Survey analysis based on a Kobo tool
kobo_analysis.Rmd
This vignette emphasizes how to analyze survey data based on Kobo,
leveraging both the svy_*()
family of functions and a Kobo
tool.
Proportion for select ones
As of version v0.0.3, kobo_select_one()
uses only the
information present in the dataset, and then retrieve labels from the
Kobo tool. It means that it does not provide lines for responses that
have not been chosen.
# With the labels, wonderful "var_label" and "var_value_label"
# Choices is optional
# Survey is mandatory
kobo_select_one(design,
vars = c("h_2_type_latrine", "admin1"),
survey,
choices,
group = "milieu")
# For all select ones in the survey sheet
kobo_select_one_all(design, survey, choices)
Proportion for select multiples
This function is deliberately conservative for the following:
- if a choice exists in the Kobo tool, but not in the dataset, it is removed from the calculation;
- if a choice exists in the dataset, but not in the Kobo tool, it will not be taken into account; for example, if a choice has been added and recoded during cleaning, the Kobo tool must be updated beforehand (which goes hand in hand with the good practice of having an up-to-date Kobo tool that can be used as a dictionary of variables;
- input a filtered survey sheet with the variables corresponding to the data (main, hh roster, education loop, etc.).
# With the labels, note the "choices_sep" argument
# that allows for choosing the choice separator in the database
# either a "/" or "." or a "_" , etc.
# It still only accepts one variable
# Arg 'vars' can take a vector of select_multiple variables
kobo_select_multiple(design, c("e_typ_ecole", "e_typ_ecole"), survey, choices, choices_sep = "_")
# For all select multiples
kobo_select_multiple_all(design, survey, choices, choices_sep = "_")
Mean and median for numeric variables (decimal, integer, calculate)
# Mean for one or several numeric variables
kobo_mean(design, c("c_total_3_17_femmes", "e_abandont_3a_4a_fille"), survey)
# Median for one or several numeric variables
kobo_median(design, "f_5_depenses_ba", survey, group = "milieu")
# Do the same for all variables
kobo_mean_all(design, survey)
kobo_median_all(design,survey)
Ratio for numeric variables (decimal, integer, calculate)
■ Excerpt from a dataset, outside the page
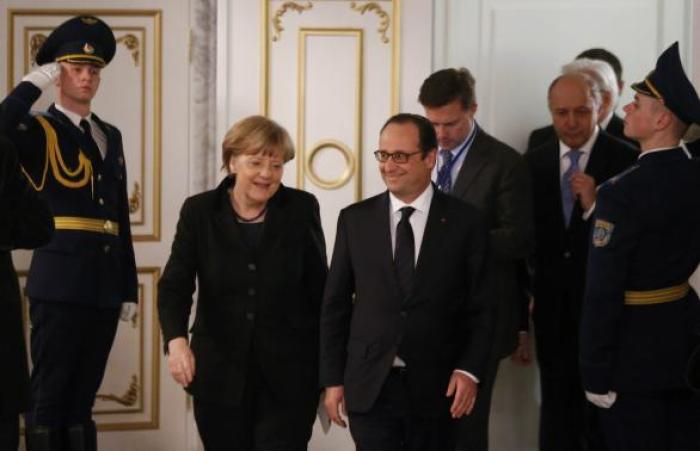 Germany's Chancellor Angela Merkel (L) and France's President Francois Hollande (R, front) walk after taking part in peace talks on resolving the Ukrainian crisis in Minsk, February 12, 2015.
kobo_ratio(design, nums = "e_abandont_3a_4a_fille", denoms = "c_total_3_17_femmes", survey = survey)
Quick automation
The auto_kobo_analysis()
function runs all the above
functions but kobo_ratio()
at once.
While all these functions provide a quick workflow for analyzing
survey data, the recommend way is to provide a data analysis plan and
use functions kobo_analysis()
or
kobo_analysis_dap()
(see below), which allows for finer
analyses (e.g. providing ratios, labels of indicators, etc., beyond
types as defined in the Kobo tool.)
Make your own analysis
# Calculate a mean
kobo_analysis(design, analysis = "mean", vars = c("c_total_3_17_femmes", "e_abandont_3a_4a_fille"), survey)
# Calculate a median
kobo_analysis(design, analysis = "median", vars = "f_5_depenses_ba", survey)
# Calculate a ratio proportion
kobo_analysis(design, analysis = "ratio", vars = c("e_abandont_3a_4a_fille" = "c_total_3_17_femmes"), survey)
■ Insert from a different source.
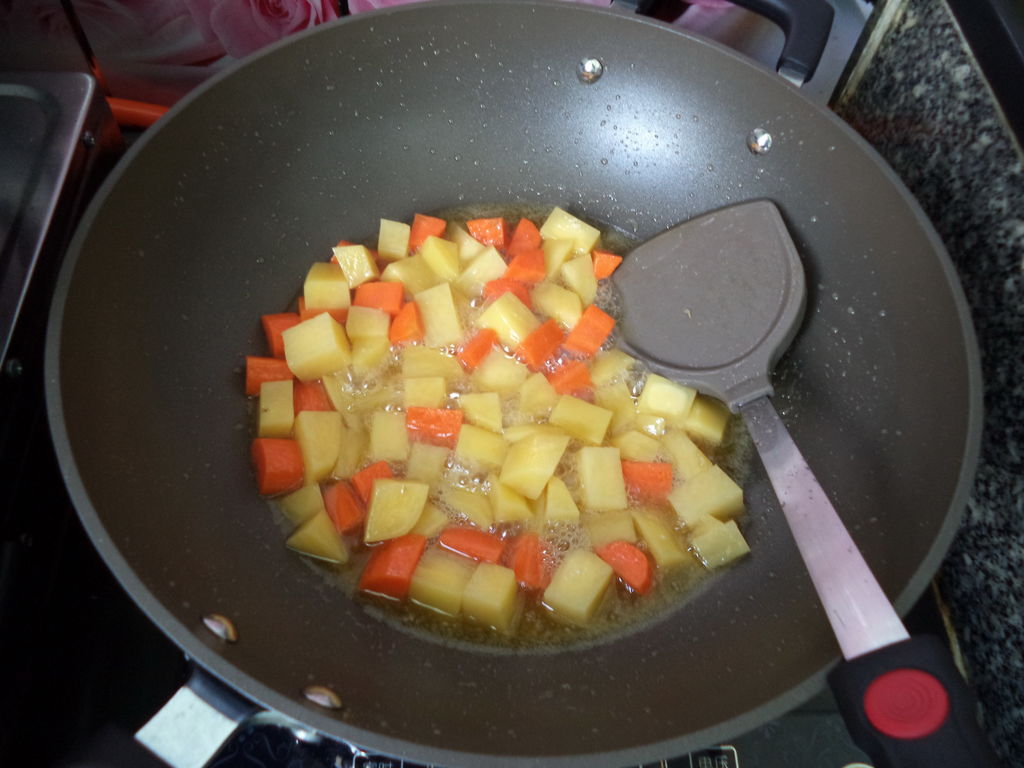 再把土豆和胡萝卜丁倒入油锅,滑炒片刻.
# Calculate a select_one proportion
kobo_analysis(design, analysis = "select_one", vars = c("h_2_type_latrine", "admin1"), survey, choices, na_rm = F)
# Calculate a select_multiple proportion
kobo_analysis(design, analysis = "select_multiple", vars = "e_typ_ecole", survey, choices)
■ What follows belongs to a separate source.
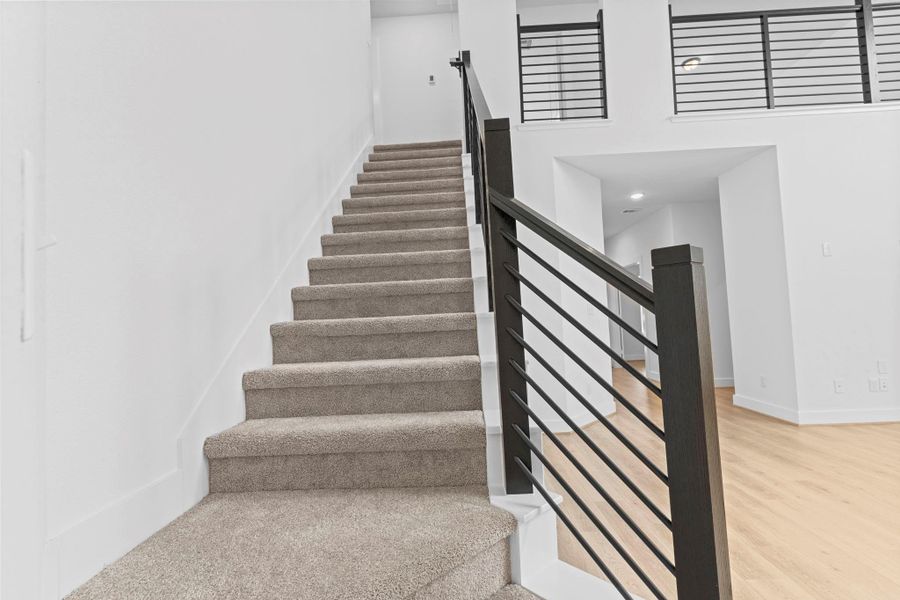 A view of the staircase leading to the second floor showcases the modern wrought iron railing and soft carpeted steps, offering both safety and style with a contemporary finish. **Image Representative of Plan Only and May Vary as Built**.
Make your own analysis using a data analysis plan
Necessary columns are: analysis
, vars
,
na_rm
. Other arguments are to be passed for the whole data
analysis plan, e.g. group, level, vartype, etc. If there are other
columns, for instance useful for reporting such as the indicator name or
the sector, it is kept. The function runs as is:
- separate the dataframe to lists by analysis type
- map out the analysis for each type
- bind all
- left_join the other columns
It should contain only one variable to analyze per row (or in the case of a ratio the two variables to calculate the ratio from separated by a comma). The package contains an example:
analysis_dap
#> sector
#> 1 General information
#> 2 Expenses
#> 3 Education
#> 4 Sanitation
#> 5 Education
#> 6 Education
#> indicator
#> 1 Mean of the number of school-aged girl in the household
#> 2 Median of food expenses
#> 3 A ratio that does not really mean anything and is a bad example for education
#> 4 % of households by type of latrine
#> 5 % of households by type of school that children go to (private, public)
#> 6 % of households by type of school that children go to (private, public)
#> var analysis na_rm
#> 1 c_total_3_17_femmes mean yes
#> 2 f_5_depenses_ba median yes
#> 3 e_abandont_3a_4a_fille,c_total_3_17_femmes ratio yes
#> 4 h_2_type_latrine select_one no
#> 5 e_typ_ecole select_multiple yes
#> 6 e_typ_ecole select_multiple no
#> subset
#> 1 Household with school-aged girl
#> 2 <NA>
#> 3 Maybe a subset that does not mean anything
#> 4 <NA>
#> 5 Households with at least a school-aged child
#> 6 <NA>
Then, to run the analysis, do the following:
# Default
kobo_analysis_from_dap(design, analysis_dap, survey, choices, choices_sep = "_")
# Grouped and confidence level of 0.99
kobo_analysis_from_dap(design, analysis_dap, survey, choices, group = "milieu", level = 0.99, choices_sep = "_")